Bij de toekenning van onvolledig burgerrecht meestal
na inlijving door onderwerping - waren de
rechten beperkt, doordat aan de ingezetenen, die
niet bij een tribus werden ingedeeld, het ius suffragii
werd onthouden (civitas sine suffragio). Wel hadden
zij de plichten van een romeins burger. In gemeentelijk
bestuur en rechtspraak kon zulk een gemeente
volledige (bv. Caere,
Capua,
Cumae,
Casilinum) of
beperkte autonomie hebben. In dit laatste geval lag
de rechtspraak in handen van door de praetor gezonden
praefecti iuri dicundo en werd de gemeente
ook praefectura genoemd. De municipale magistraten
droegen verschillende namen: dictator, aedilis,
praetor, VIII viri, IV viri. Geleidelijk aan kregen ook
deze gemeenten het volle romeinse burgerrecht (bv.

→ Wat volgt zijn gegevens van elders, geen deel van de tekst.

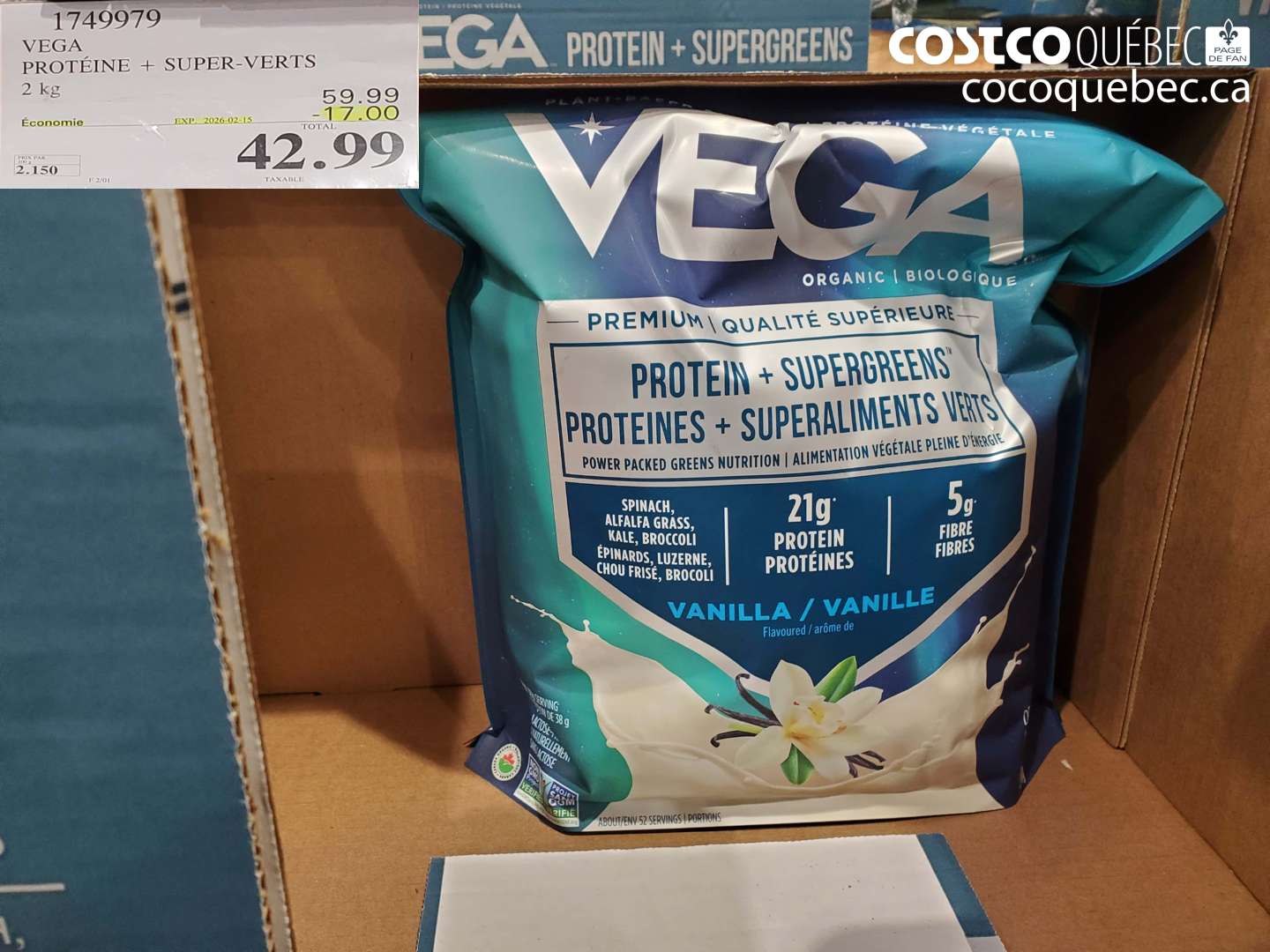 1749979 VEGA BIOLOGIQUE PROTEINES ET LEGUMES 2 kg  ($17.00 INSTANT SAVINGS EXPIRES ON 2025-02-15) $42.99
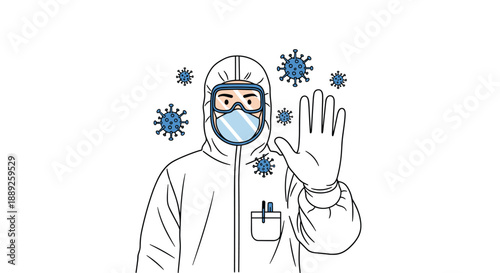 Illustration of a person in a white hazmat suit, face mask, and goggles, holding up a hand in a stopping gesture, surrounded by cartoonish virus particles, s...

Fundi en Formiae in 188 vC).
In 90 vC schonk de lex Iulia aan alle Italiërs die in
de bondgenotenoorlog loyaal waren gebleven het
volledige romeinse burgerrecht, dat in 89 vC door
de lex Plautia Papiria werd uitgebreid tot alle verbondenen
ten zuiden van de Po. Cinna gaf alle
municipia een eenvormig bestuur van jaarlijks wisselende
IV viri. Sedertdien omvatte Italië uitsluitend
coloniae en municipia, die later juridisch nauwelijks
meer van elkaar verschilden. De lex Iulia municipalis
van Caesar (46 vC) splitste de IV viri in twee
groepen: II viri iuri dicundo en II viri aediliciae potestatis.
De decuriones, wier aantal wisselde naargelang
de omvang van het municipium, vormden de gemeenteraad.
Geleidelijk breidde het municipale systeem zich ook
uit over de provincies. Augustus
stichtte in onderworpen
gebieden zonder steden municipia. Vooral
door zijn toedoen en door toedoen van
Vespasianus
en de adoptiefkeizers kregen talrijke provinciale
gemeenten, gewoonlijk via de tussenfase van het municipium
iuris Latini, de municipale status. Hierdoor werd de
urbanisering en romanisering van het westen van
het rijk sterk bevorderd. In het oosten echter werd
geen enkele polis in een municipium omgezet. Nadat in 212
nC de constitutio Antoniniana van
Caracalla het
romeinse burgerrecht had uitgebreid tot alle vrije
ingezetenen van het rijk, verloor het municipale
systeem zijn betekenis vrijwel geheel.
Lit. E. Kornemann (PRE 16, 570-638). Th. Mommsen, Römisches
Staatsrecht 3 (Leipzig 1887). - W. Leibenam, Stadteverwaltung
im römischen Kaiserreiche (Leipzig 1900 = Rome
1967). H. Rudolph, Stadt und Staat im römischen Italien.
Untersuchungen über die Entwicklung des Munizipalwesens
in der republikanischen Zeit (Leipzig 1935 = Göttingen 1965).
A. N. Sherwin-White, The Roman Citizenship (Oxford 1939).
E. Manni, Per la storia dei municipii fino alla guerra sociale
(Rome 1947). Ch. Saumagne, Le droit latin et les cités romaines
sous l'empire (Paris 1965). F. F. Abbott/A. C. Johnson,
Municipal Administration in the Roman Empire (New
York 1968). E. T. Salmon, Roman Colonization under the
Republic (London 1969). M. Humbert, M. et civitas sine suffragio.